(Beginning of Supplied data)

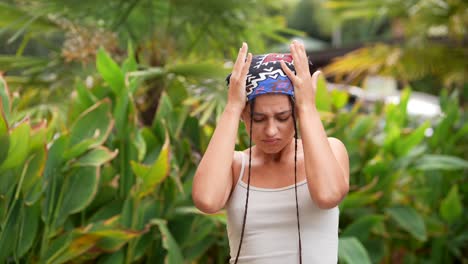 mujer con la cabeza envuelta y trenzas en un jardín tropical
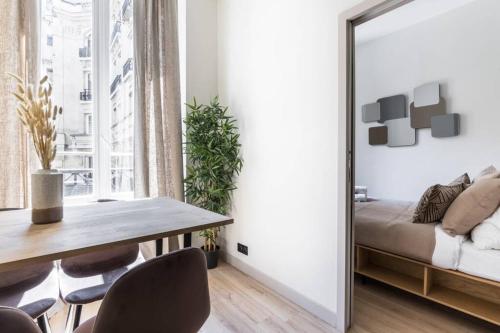 comedor con espejo y mesa en HSH Volney-Opéra Appartement Design 4P-1BR, en París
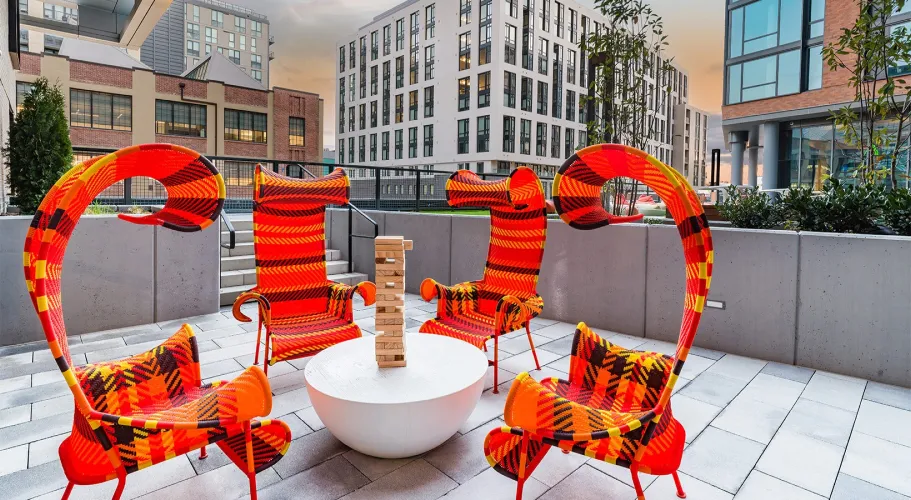 Bright courtyard with vibrant red-orange chairs and a central table for a stylish outdoor retreat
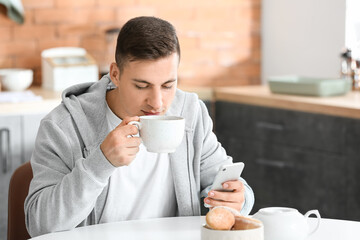 Handsome young man with mobile phone drinking tea at home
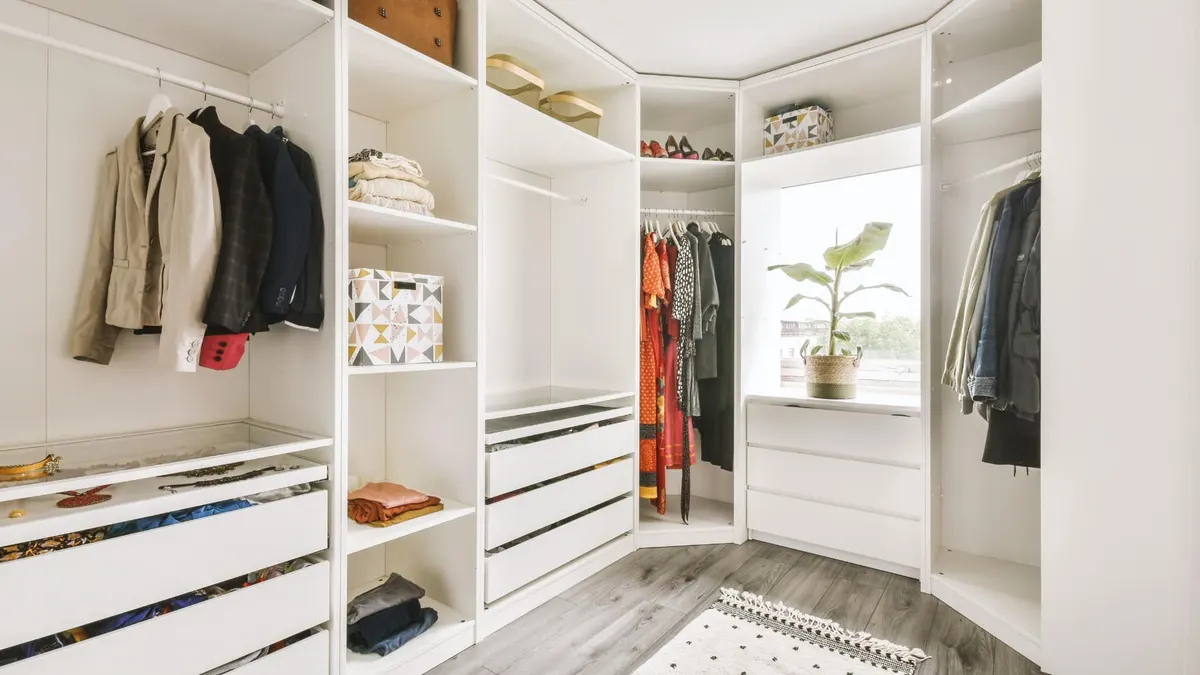 Corner walk-in closet with white built-in shelving, hanging rods, drawers, and a window with a plant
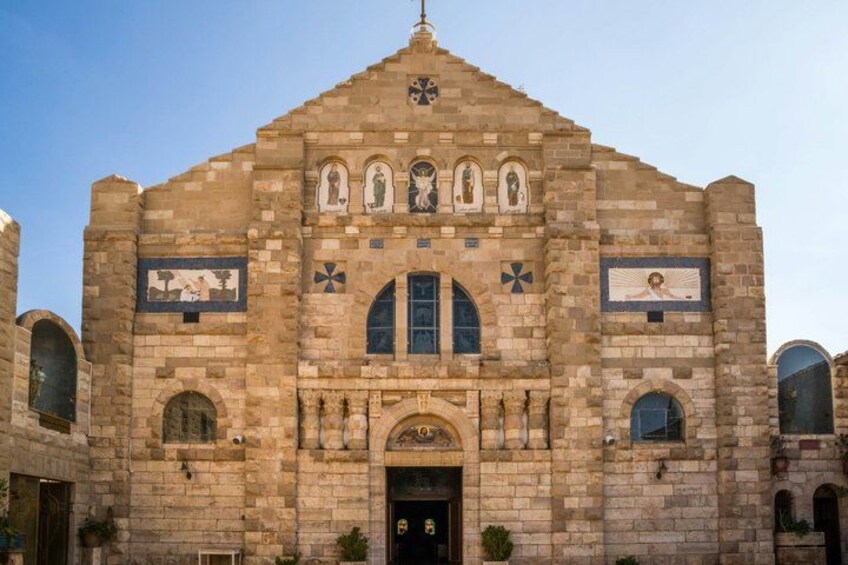 A historic stone building with arched windows and a central entrance. 2
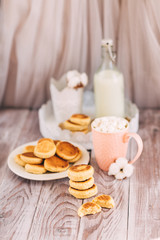Obraz na płótnie Canvas cookie, bottle of milk, Cup with marshmallows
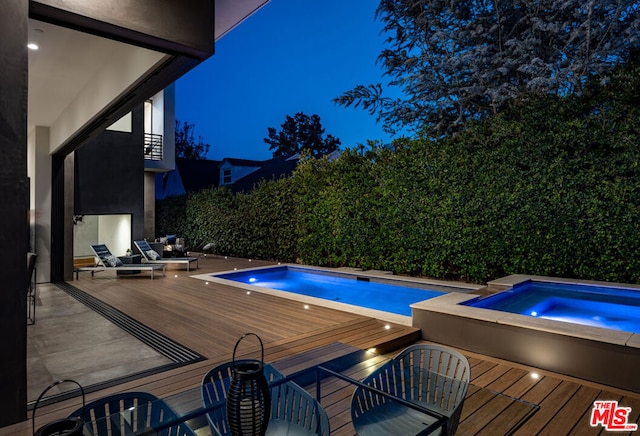 pool at twilight with an in ground hot tub and a wooden deck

(End of Supplied data)

# Assigned task
No pictures belong in the answer. It must repeat exactly the lines from the line with "Corner walk-in closet" through the final line of the records.

# Answer for the task
 Corner walk-in closet with white built-in shelving, hanging rods, drawers, and a window with a plant
 A historic stone building with arched windows and a central entrance. 2
Obraz na płótnie Canvas cookie, bottle of milk, Cup with marshmallows
 pool at twilight with an in ground hot tub and a wooden deck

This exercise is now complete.